Some MPs fear the collapse of the case against Cash and Berry risks giving a green light to Beijing to spy at Westminster.
Alicia Kearns, a Conservative MP who was due to appear as a witness before the trial was abandoned, said: “We now know Labour didn’t even have to label China an ‘enemy’ for the trial to proceed, just provide evidence that China poses a threat to our national security and has done for years.
“For our own government to refuse to co-operate with the CPS is without doubt constitutionally improper.

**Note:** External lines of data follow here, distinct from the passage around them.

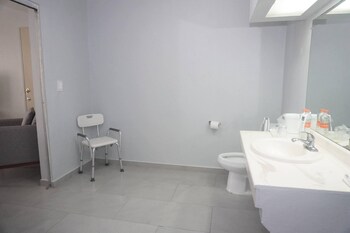 Room, 2 Double Beds, Non Smoking (Accesible)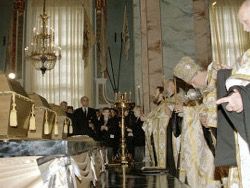 Как царская семья возвращается в российскую историю Как царская семья возвращается в российскую историю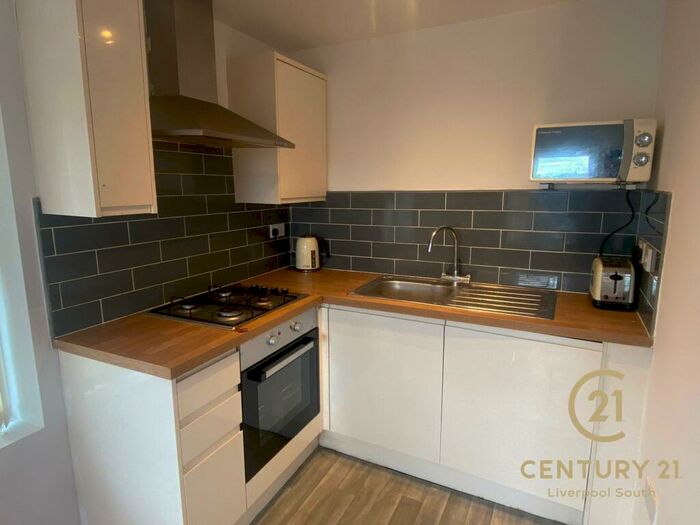 2 Bedroom Apartment To Rent In Mill Street, L8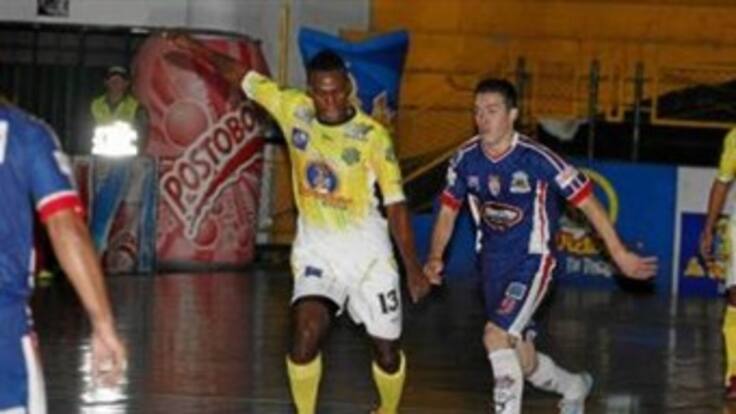 Ya está en juego la apasionante Copa Profesional de Microfútbol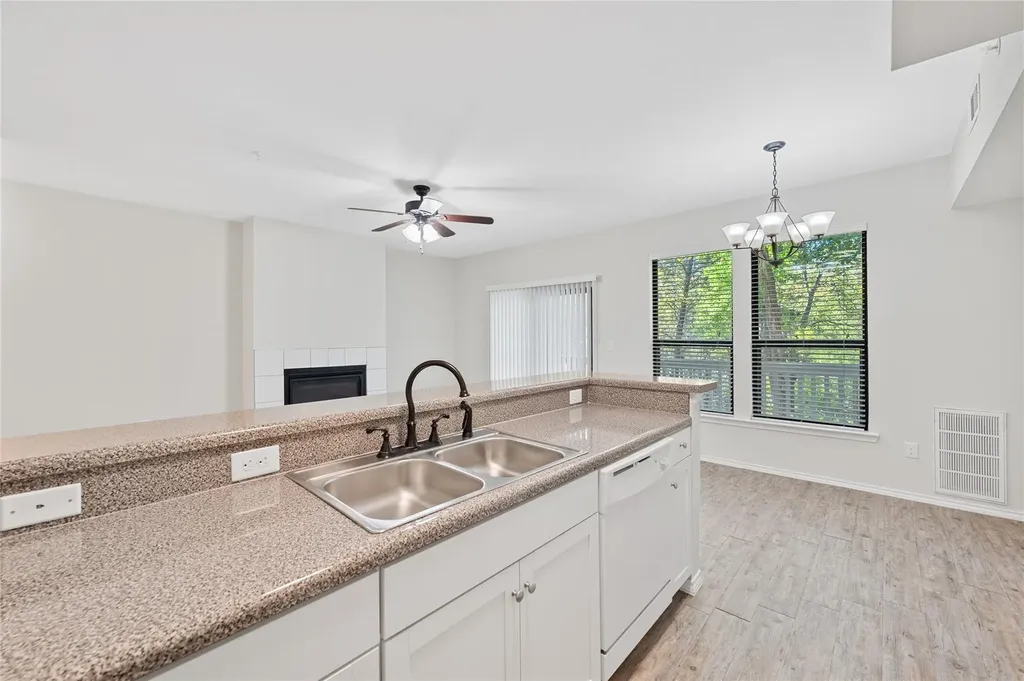 3839 Dry Creek Drive Austin TX 78731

Labour has managed to undermine our law enforcement . . . and our prosecutors whilst sending a message to China they won’t protect our democracy.”
The CPS said on Tuesday that the decision to charge Cash and Berry in 2024 was correct but that a ruling in the Bulgarian spying case had clarified the need to seek further evidence that would show China was a threat to the UK’s national security at the time of the alleged offences.
Starmer sought to defend his government’s position on Tuesday, suggesting to reporters the evidence had to reflect the position of the previous Conservative government towards China when the offences were said to have taken place.
“You have to prosecute people on the basis on what was the state of affairs at the time of the offence,” Starmer, a former director of public prosecutions, said.
“As a prosecutor I know that if you’re going to prosecute a case like this, it is what was the situation at the time that matters.”
Conservative MPs have said it was clear that China was a threat at the time of the alleged offences, and that the UK security services had ample evidence of rising threats from Beijing.
The Foreign Office warned in June that “instances of China’s espionage, interference in our democracy and the undermining of our economic security have increased in recent years”.
Sir Ken McCallum, head of MI5, said in 2023 that more than 20,000 people in the UK had been approached online by Chinese spies, describing to the BBC “a sustained campaign on a pretty epic scale”.